Capital One Profits Rise, But Miss Analysts' Forecasts

Capital One , a bank and credit-card issuer, said on Thursday that fourth-quarter profit rose nearly 40%, but missed analysts' forecasts.

The company, based in McLean, Va., also forecast 2007 earnings well below analyst estimates, citing a difficult banking environment. The company's shares edged lower after the weaker-than-expected results.

Capital One said net income rose to $390.7 million, or $1.14 a share, from $280.3 million, or 97 cents a share, a year earlier. Analysts' expected Capital One to earn $1.24 a share, according to a consensus estimate compiled by Thomson Financial.

Total revenue was nearly $3.1 billion, up from $2.7 billion in the fourth quarter of 2005.

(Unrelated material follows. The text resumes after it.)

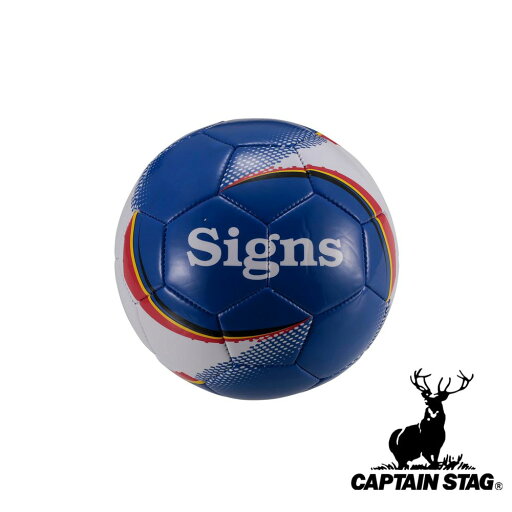 キャプテンスタッグ(CAPTAIN STAG) Signsサッカーボール 4号 | 4号 サッカー パール金属 アウトドア キャプテンスタッグ(CAPTAIN STAG) Signsサッカーボール 4号 | 4号 サッカー パール金属 アウトドア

"We knew it would be a messy quarter and it is," said Chris Brendler, an analyst at Stifel Nicolaus in Baltimore. "The core Capital One credit card, auto lending and international businesses were weaker than I thought and key metrics like revenue growth look weaker."

Capital One's credit card operations in the United Kingdom continue to perform poorly, pulling net income in the global financial services segment down to $2.1 million in the fourth quarter, down from $7.1 million in the same quarter last year.

Banks have broadly suffered in recent quarters, after a protracted period of short term interest rates being close to long-term interest rates, crimping lending margins. Meanwhile, credit losses from consumer borrowers are edging higher. Credit losses and the interest rate environment squeeze Capital One on both the retail banking and credit card lending side.

These difficulties contributed to Capital One's profit outlook for 2007 of $7.40 to $7.80 a share, well below analysts' expecations of $8.11. That implies little growth or perhaps even a decline from 2006's full year level of $7.62 a share, despite its $13.2 billion acquisition of North Fork Bancorp in December.

The outlook includes "expectations for a continued challenging interest rate environment and cyclical pressures in the mortgage industry," a return to a more normal level of credit losses in its unsecured national lending business, and the repurchase of $2.25 billion of the company's shares beginning in the second quarter, the company said in a statement.

Capital One, which at the outset of 2006 was known principally as a credit card lender, made two big acquisitions in the past year to become a bank, too.

In addition to North Fork, which operates banks in New York, New Jersey and Connecticut, the company purchased the New Orleans-based Hibernia Corp., with 300 branches in Texas and Louisiana, for $4.9 billion, in November of 2005.

The deals, which make Capital One the 11th-biggest bank in the U.S. by deposits, drew a mixed response from Wall Street.

The stock was flat for the first half of the year, then plunged in the summer because of credit concerns, especially in the U.K. Investors are also worried about Capital One's ability to integrate its purchases of banks. Capital One's stock lost about 10% last year, while the Standard & Poor's 500 posted a 13.6% gain.